*** Opening INPUT DATA ***
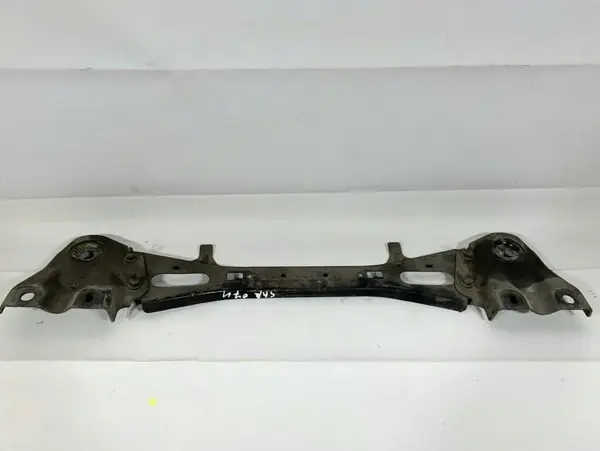 Suport jug motor Ford Galaxy (2010-2014)[MK3] 2.0 tdi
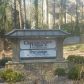 Unit 2880 - 2808 Queen Anne Court, Atlanta, GA 30350 ID:5601063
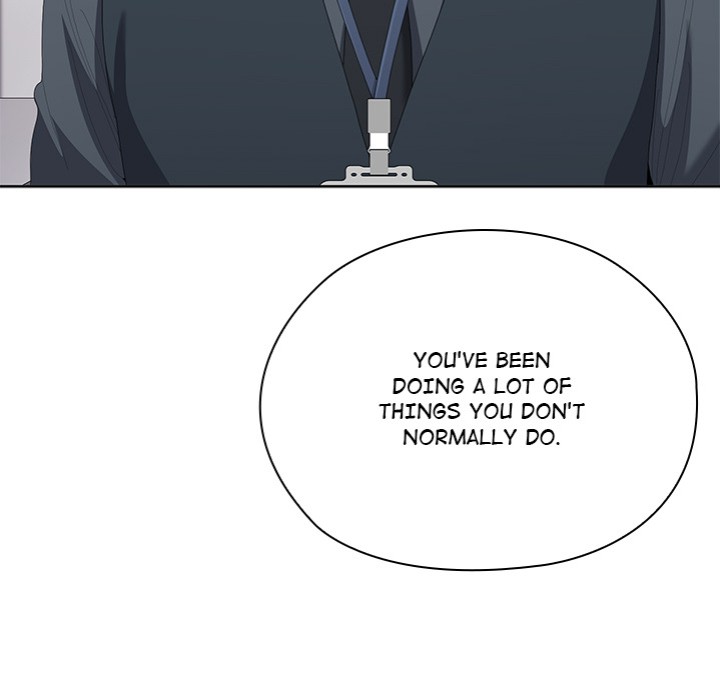 Office Shitbag Alert Chapter 68 image 78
*** Closing INPUT DATA ***
• [EXERCISE]
The whole of the data above needs retyping exactly, with pictures omitted.

• [WRITTEN ANSWER]
 Suport jug motor Ford Galaxy (2010-2014)[MK3] 2.0 tdi
 Unit 2880 - 2808 Queen Anne Court, Atlanta, GA 30350 ID:5601063
 Office Shitbag Alert Chapter 68 image 78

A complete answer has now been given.